As I think about this one story, I continue to be inspired by that man’s upbeat attitude and expectation. And I asked myself, How can I better practice joy on dark days?
Maybe you’ve heard the old adage, “Laughter is the best medicine.” I was intrigued to learn recently that there’s actually such a thing as laughter therapy. Apparently, a number of medical studies are concluding that laughter and humor, applied to distressing situations, just may be the best remedy.

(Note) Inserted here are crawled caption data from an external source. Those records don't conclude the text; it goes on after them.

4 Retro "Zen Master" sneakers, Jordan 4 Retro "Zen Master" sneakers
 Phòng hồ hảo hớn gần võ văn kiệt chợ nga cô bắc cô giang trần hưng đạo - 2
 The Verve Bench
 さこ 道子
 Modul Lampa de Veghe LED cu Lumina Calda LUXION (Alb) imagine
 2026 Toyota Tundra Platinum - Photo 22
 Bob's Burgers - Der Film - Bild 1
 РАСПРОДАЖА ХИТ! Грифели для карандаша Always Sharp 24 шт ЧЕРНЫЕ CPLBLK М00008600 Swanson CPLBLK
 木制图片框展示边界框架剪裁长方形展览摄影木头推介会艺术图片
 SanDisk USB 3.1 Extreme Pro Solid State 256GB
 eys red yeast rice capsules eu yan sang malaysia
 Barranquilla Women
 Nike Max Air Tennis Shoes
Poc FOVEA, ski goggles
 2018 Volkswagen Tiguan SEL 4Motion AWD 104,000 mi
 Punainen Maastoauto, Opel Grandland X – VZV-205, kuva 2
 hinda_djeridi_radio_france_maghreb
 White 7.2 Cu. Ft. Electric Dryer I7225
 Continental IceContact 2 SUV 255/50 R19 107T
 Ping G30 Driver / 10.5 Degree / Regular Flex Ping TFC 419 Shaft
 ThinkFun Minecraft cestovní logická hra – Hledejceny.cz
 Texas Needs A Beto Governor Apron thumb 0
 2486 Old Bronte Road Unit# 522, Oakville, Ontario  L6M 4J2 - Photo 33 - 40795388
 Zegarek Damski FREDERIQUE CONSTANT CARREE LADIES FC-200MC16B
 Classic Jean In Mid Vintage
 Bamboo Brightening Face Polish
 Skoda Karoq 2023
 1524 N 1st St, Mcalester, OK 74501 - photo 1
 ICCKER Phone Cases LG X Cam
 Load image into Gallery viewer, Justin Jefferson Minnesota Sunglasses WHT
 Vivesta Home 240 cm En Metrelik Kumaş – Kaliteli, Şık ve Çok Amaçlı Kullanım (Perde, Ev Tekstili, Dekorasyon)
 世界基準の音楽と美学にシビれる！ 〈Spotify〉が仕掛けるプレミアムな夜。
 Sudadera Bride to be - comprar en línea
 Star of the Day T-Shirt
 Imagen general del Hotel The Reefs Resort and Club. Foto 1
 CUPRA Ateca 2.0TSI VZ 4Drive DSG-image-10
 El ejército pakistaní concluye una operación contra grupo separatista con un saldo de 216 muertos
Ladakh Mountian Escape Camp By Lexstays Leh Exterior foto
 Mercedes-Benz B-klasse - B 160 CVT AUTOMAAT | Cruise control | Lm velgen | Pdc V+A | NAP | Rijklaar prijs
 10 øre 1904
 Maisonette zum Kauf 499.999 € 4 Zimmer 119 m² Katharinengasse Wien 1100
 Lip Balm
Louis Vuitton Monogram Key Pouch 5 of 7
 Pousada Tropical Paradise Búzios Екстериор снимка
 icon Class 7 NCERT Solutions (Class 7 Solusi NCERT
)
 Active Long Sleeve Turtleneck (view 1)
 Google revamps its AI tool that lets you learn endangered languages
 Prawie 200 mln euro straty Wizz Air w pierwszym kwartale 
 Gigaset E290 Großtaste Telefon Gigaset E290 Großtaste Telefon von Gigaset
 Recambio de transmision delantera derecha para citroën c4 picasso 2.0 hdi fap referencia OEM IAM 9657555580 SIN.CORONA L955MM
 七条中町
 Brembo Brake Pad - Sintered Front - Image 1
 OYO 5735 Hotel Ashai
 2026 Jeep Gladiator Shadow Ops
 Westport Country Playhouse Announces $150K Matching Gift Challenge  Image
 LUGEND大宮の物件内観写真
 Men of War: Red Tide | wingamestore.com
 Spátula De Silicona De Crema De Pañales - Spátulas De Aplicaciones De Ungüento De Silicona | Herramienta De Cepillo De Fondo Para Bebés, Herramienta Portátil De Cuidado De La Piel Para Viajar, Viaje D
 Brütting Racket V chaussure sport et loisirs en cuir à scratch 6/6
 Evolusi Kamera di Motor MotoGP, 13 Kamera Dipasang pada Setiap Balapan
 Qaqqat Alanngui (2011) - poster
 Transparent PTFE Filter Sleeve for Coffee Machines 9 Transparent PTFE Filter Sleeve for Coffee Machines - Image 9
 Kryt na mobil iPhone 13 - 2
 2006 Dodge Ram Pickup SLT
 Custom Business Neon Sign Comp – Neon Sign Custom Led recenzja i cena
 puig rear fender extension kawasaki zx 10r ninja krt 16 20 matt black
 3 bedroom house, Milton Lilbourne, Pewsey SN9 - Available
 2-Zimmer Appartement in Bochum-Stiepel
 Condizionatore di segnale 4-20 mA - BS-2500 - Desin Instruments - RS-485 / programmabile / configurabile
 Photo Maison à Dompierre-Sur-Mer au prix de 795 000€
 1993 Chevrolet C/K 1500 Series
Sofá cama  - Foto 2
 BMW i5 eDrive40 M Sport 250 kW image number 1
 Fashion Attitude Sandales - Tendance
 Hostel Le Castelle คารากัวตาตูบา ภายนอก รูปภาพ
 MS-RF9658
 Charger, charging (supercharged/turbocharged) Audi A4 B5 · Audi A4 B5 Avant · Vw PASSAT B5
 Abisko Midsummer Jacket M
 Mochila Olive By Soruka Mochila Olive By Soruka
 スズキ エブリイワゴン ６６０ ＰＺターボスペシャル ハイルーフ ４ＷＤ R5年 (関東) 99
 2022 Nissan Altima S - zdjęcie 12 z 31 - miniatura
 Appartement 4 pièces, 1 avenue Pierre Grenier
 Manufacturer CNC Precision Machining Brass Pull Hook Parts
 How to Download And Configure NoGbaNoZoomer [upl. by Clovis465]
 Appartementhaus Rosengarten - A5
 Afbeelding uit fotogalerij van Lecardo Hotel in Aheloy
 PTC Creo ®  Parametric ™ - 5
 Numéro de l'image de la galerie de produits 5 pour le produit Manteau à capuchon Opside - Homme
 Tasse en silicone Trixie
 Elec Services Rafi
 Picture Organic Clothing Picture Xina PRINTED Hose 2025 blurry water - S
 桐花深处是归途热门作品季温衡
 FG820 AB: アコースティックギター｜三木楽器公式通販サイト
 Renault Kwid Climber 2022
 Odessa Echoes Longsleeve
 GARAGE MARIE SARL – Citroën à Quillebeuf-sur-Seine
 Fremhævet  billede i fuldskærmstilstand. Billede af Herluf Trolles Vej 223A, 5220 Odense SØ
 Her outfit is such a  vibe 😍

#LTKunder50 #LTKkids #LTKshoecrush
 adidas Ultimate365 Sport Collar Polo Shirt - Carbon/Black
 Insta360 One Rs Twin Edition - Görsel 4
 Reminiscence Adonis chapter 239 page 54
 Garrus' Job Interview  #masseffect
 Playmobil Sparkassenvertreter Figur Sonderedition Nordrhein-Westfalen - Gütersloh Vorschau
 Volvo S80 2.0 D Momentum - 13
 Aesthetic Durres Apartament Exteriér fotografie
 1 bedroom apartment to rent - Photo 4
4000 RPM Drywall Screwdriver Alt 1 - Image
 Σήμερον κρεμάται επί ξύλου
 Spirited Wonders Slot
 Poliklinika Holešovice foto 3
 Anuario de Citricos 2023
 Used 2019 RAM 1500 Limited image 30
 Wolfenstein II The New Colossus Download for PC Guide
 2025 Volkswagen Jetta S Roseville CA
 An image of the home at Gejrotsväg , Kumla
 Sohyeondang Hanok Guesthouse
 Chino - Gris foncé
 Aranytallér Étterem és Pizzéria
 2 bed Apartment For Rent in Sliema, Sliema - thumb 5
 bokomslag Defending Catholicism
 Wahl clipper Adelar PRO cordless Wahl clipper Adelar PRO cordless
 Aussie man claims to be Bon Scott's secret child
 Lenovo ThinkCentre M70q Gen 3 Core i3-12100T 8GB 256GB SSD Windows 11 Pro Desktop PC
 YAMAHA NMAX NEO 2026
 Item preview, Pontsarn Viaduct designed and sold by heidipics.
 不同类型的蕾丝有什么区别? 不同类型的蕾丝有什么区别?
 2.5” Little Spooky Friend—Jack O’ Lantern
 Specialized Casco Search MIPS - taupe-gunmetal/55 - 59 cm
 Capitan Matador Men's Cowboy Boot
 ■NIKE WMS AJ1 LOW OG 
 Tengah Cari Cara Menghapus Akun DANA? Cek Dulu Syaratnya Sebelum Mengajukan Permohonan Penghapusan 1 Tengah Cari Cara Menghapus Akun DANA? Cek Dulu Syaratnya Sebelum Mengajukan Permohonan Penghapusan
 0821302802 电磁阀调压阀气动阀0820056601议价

But is humor merely part of a stoic “grin and bear it approach”? A “cheer up and smile” to someone who’s struggling? I don’t think so. Throughout my life, I’ve returned again and again to Jesus’ words “. . . and your joy no man taketh from you” (John 16:22). And I’ve discovered that nothing can take away honest joy, because joy is indeed God-given. In fact, I’m convinced that there’s real healing power and value in joy that springs from spiritual convictions. It’s this kind of joy that lifts us up, shifting our focus from a sense of human helplessness, to the naturalness of God’s care for His children.
I’m learning that being spiritually lighthearted means letting go of and placing the burdens of life where they belong-on the shoulders of our Father-Mother God. This truly does lighten all burdens by pointing us upward and making our days bright with the realization that there are infinite possibilities. God wants only good for His children and will lead us to “dry ground,” where we can continue our journey with sure footing.
I’m reminded of these words of Paul in his epistle to the Romans: “Be not overcome of evil, but overcome evil with good” (12:21).
This tells me that acknowledging the presence of God’s love-right in the face of chaos-will enable me to better feel the power of God’s law of good. It’s not about being in denial of the “bad stuff.” But I do believe that opening our thoughts to seeing a promising horizon enables us to find the spiritual levity that lifts us up, and brings with it all of God’s goodness, including joy. Who hasn’t experienced blessings from life changes that follow adversity? Much is to be
gained amid struggles, and often it’s depressed vision that keeps us from seeing what can be gained.
I love these words of the Psalmist: “. . . when my heart is overwhelmed; lead me to the rock that is higher than I” (Ps. 61:2). Nothing saps one’s energy more than the time and focus put into trying to manage crises. It can be overwhelming if we feel responsible for manipulating circumstances that are beyond our control. This ultimately leads to believing that the situation or problem is beyond God’s jurisdiction, too. Mary Baker Eddy wrote in Science and Health that such an admission “disarms man” and “prevents him from helping himself” (p. 394).
Maintaining a sense of humor can turn a once formidable looking issue into something more manageable. Consequently, this view provides opportunities for greater objectivity and creative insight.
Letting go of burdens, we also help ease them for others. After watching that one man’s lightheartedness when floodwaters filled his house, I’m putting my frustrations in perspective, and praying more consistently to acknowledge the power of lasting joy in everything.
Even through the darkest moments, cultivating a lighter heart (and sometimes even having a good laugh) can go a long way in helping myself, and others, break free from suffering and discouragement. The restorative effects of joy just can’t be underestimated.